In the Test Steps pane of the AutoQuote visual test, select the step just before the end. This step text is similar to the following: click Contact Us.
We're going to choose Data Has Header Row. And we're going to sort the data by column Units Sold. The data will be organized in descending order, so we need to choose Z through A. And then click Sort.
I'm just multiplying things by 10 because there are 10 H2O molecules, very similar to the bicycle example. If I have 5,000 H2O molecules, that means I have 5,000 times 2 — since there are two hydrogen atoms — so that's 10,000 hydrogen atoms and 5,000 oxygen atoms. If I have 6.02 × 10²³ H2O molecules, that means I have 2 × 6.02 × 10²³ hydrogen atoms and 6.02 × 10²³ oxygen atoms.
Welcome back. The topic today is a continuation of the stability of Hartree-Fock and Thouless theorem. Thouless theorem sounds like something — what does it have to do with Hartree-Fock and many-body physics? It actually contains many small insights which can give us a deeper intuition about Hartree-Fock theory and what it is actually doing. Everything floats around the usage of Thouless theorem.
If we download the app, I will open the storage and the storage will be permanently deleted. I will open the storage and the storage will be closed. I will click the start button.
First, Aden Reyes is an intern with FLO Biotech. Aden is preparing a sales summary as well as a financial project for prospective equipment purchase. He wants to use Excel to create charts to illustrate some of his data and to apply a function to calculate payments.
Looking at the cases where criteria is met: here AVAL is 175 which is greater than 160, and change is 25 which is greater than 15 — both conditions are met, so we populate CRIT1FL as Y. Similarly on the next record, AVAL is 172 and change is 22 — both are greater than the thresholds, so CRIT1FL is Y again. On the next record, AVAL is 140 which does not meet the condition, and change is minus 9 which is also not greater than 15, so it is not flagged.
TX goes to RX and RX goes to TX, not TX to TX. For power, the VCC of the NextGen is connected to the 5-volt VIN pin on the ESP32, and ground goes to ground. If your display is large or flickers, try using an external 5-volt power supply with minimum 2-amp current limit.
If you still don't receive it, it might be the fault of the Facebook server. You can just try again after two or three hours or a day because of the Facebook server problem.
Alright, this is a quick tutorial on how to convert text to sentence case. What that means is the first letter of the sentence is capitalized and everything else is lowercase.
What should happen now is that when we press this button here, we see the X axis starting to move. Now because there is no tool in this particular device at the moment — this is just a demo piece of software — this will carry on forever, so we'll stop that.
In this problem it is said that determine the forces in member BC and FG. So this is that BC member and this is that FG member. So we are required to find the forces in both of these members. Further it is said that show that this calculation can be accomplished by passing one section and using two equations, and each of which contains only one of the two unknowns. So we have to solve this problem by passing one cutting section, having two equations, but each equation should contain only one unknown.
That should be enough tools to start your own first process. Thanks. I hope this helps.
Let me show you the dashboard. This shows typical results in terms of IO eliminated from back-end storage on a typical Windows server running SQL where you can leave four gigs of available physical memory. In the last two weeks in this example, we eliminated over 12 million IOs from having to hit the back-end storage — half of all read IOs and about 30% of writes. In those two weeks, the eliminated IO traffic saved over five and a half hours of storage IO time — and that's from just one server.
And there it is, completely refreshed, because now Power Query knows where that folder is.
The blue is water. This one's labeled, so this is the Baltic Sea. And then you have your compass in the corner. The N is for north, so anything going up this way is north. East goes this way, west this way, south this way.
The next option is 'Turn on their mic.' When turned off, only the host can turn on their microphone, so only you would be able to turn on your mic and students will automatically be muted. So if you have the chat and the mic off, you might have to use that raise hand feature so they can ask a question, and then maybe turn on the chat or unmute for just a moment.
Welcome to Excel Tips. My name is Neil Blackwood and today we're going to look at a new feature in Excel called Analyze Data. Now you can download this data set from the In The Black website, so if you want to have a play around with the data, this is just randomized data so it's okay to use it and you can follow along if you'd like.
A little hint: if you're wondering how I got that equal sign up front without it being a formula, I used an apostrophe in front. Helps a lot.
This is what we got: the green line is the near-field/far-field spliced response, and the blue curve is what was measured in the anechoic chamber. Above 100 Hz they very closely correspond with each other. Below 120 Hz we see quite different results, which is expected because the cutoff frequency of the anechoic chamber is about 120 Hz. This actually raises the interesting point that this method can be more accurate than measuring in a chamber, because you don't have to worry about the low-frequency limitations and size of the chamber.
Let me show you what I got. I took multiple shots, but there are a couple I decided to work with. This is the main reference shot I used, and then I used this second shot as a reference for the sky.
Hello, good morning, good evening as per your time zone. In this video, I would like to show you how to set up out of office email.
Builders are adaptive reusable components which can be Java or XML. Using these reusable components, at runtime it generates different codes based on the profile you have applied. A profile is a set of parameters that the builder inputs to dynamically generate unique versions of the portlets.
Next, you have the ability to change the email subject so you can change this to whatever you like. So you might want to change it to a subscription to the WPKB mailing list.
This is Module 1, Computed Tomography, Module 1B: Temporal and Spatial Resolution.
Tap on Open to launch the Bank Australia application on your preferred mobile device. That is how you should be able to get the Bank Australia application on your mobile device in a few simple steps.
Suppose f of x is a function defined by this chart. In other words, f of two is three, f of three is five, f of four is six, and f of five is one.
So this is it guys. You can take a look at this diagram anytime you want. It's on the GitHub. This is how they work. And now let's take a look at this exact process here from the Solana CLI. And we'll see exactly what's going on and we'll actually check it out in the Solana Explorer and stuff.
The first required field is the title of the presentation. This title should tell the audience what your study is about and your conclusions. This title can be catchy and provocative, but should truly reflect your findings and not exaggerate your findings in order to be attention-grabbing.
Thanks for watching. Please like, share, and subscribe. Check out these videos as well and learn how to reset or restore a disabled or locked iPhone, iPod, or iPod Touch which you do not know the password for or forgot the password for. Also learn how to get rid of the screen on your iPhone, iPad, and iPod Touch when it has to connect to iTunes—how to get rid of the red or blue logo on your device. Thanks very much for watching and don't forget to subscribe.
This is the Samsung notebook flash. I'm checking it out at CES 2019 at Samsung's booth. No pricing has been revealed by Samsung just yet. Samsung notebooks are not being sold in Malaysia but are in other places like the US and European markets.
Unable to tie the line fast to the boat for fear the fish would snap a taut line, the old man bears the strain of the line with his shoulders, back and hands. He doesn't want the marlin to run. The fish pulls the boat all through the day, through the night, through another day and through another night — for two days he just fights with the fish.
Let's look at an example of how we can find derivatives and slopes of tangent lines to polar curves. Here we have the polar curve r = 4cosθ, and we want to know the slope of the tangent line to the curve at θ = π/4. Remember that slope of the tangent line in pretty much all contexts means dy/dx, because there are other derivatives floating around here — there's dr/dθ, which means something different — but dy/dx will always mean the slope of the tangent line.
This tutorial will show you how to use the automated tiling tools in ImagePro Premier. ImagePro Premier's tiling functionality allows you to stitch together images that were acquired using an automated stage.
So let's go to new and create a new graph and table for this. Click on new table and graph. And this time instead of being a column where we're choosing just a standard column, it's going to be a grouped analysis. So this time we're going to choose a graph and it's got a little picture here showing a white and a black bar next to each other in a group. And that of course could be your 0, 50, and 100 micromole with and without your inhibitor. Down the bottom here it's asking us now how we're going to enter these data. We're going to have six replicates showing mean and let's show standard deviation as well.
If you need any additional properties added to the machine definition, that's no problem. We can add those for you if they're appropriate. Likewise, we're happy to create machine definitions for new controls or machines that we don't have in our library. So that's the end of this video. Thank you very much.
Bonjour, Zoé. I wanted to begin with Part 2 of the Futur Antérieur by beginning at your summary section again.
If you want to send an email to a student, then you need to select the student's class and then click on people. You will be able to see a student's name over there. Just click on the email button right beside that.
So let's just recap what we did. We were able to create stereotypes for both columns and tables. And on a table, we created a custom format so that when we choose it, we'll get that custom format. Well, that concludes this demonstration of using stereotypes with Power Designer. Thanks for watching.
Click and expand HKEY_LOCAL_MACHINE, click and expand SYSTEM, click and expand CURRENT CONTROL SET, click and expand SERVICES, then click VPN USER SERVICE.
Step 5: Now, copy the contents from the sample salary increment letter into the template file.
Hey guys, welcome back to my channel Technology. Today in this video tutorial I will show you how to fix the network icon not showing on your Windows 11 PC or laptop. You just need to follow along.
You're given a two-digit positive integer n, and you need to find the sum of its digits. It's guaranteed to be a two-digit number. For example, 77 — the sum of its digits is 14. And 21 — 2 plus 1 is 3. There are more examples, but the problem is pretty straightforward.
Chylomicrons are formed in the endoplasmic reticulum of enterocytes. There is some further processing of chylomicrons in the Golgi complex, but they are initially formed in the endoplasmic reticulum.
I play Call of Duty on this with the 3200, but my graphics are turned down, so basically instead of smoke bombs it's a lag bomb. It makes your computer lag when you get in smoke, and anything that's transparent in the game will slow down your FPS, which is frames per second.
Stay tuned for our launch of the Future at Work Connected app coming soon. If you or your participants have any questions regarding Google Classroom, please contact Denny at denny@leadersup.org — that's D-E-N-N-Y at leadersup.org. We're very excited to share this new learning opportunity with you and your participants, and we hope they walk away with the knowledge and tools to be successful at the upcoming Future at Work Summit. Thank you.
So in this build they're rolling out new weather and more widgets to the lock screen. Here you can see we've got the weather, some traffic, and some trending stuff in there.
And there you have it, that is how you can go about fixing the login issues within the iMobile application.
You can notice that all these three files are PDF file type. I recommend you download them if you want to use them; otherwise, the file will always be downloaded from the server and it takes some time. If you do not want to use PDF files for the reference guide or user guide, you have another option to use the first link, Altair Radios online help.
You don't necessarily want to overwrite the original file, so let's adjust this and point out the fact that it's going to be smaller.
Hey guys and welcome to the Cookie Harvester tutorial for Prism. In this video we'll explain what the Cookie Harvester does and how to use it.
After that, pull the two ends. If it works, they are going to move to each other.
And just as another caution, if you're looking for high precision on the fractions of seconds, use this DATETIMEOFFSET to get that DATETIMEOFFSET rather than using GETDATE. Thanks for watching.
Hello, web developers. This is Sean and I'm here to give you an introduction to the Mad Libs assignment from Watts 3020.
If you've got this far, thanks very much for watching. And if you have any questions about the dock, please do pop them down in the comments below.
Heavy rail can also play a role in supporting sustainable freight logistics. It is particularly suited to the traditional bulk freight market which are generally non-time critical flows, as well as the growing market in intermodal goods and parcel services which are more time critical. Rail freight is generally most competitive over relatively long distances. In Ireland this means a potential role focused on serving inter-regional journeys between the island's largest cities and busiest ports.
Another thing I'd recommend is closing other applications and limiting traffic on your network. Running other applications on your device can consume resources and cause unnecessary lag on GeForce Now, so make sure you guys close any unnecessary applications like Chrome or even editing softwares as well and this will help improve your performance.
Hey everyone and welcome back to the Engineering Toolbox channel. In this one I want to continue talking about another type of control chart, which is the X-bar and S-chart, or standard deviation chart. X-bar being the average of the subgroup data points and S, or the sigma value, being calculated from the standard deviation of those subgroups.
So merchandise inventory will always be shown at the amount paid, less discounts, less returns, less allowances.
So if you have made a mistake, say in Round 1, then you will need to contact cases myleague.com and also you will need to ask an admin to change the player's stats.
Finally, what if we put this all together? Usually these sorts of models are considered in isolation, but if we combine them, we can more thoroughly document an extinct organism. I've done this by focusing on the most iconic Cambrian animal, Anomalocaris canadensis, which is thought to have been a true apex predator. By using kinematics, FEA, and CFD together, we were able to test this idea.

= = = =

TO DO: Copy out only the lines of the records above from the one with "Hello, good morning, good" through the one with "The first required", exactly as they stand, both included.

RESULT OF THIS EXERCISE:
Hello, good morning, good evening as per your time zone. In this video, I would like to show you how to set up out of office email.
Builders are adaptive reusable components which can be Java or XML. Using these reusable components, at runtime it generates different codes based on the profile you have applied. A profile is a set of parameters that the builder inputs to dynamically generate unique versions of the portlets.
Next, you have the ability to change the email subject so you can change this to whatever you like. So you might want to change it to a subscription to the WPKB mailing list.
This is Module 1, Computed Tomography, Module 1B: Temporal and Spatial Resolution.
Tap on Open to launch the Bank Australia application on your preferred mobile device. That is how you should be able to get the Bank Australia application on your mobile device in a few simple steps.
Suppose f of x is a function defined by this chart. In other words, f of two is three, f of three is five, f of four is six, and f of five is one.
So this is it guys. You can take a look at this diagram anytime you want. It's on the GitHub. This is how they work. And now let's take a look at this exact process here from the Solana CLI. And we'll see exactly what's going on and we'll actually check it out in the Solana Explorer and stuff.
The first required field is the title of the presentation. This title should tell the audience what your study is about and your conclusions. This title can be catchy and provocative, but should truly reflect your findings and not exaggerate your findings in order to be attention-grabbing.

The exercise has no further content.